ASSIGNED TASK: The line with "Magic Blur - Auto" marks the first line to copy, and the line with "Sideboard Artisan-Eiche 90" marks the last. Transcribe that stretch of the data below exactly, without pictures.

INFORMATION PROVIDED:
== Segment start ==

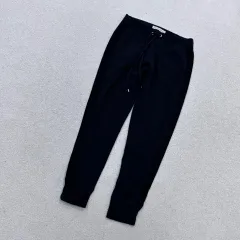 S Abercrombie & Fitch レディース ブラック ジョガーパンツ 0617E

== Segment end ==
== Segment start ==

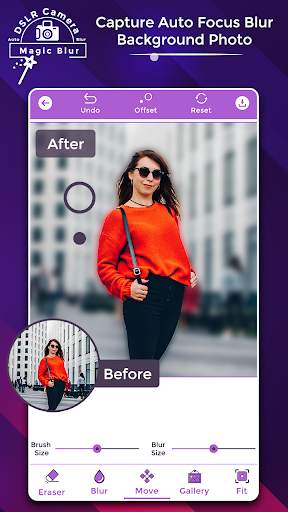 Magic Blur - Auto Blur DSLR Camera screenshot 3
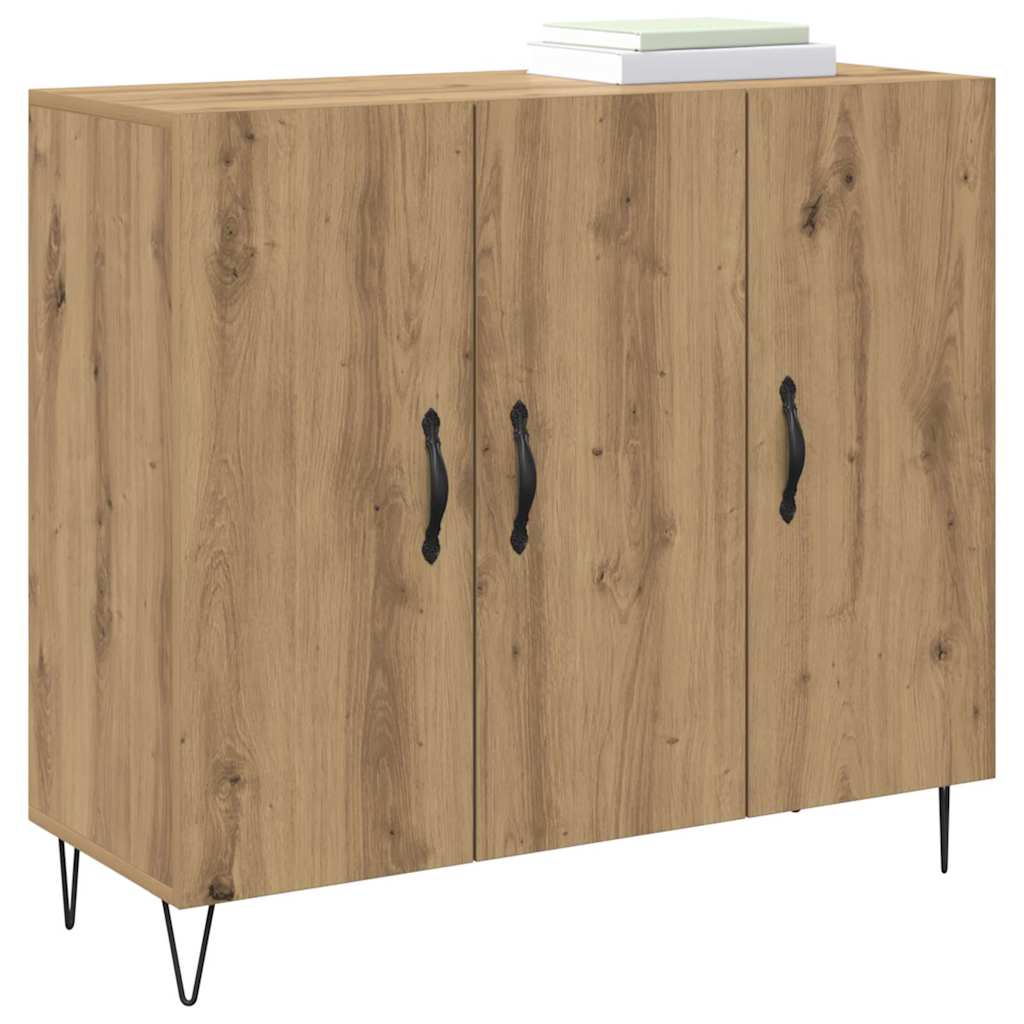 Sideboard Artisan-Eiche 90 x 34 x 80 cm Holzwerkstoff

== Segment end ==
== Segment start ==

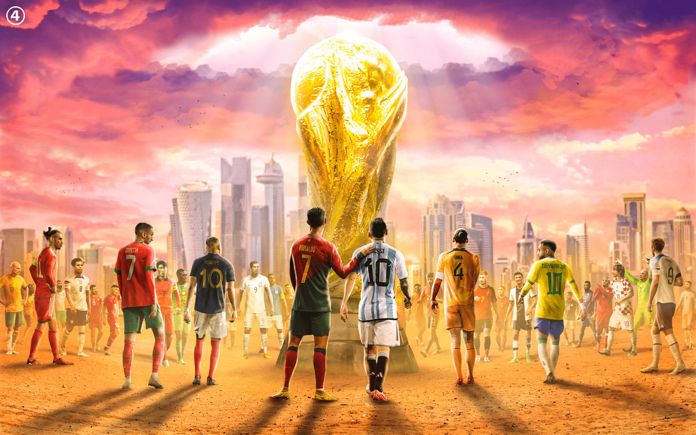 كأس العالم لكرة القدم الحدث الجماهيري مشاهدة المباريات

== Segment end ==

SOLUTION BELOW:
 Magic Blur - Auto Blur DSLR Camera screenshot 3
 Sideboard Artisan-Eiche 90 x 34 x 80 cm Holzwerkstoff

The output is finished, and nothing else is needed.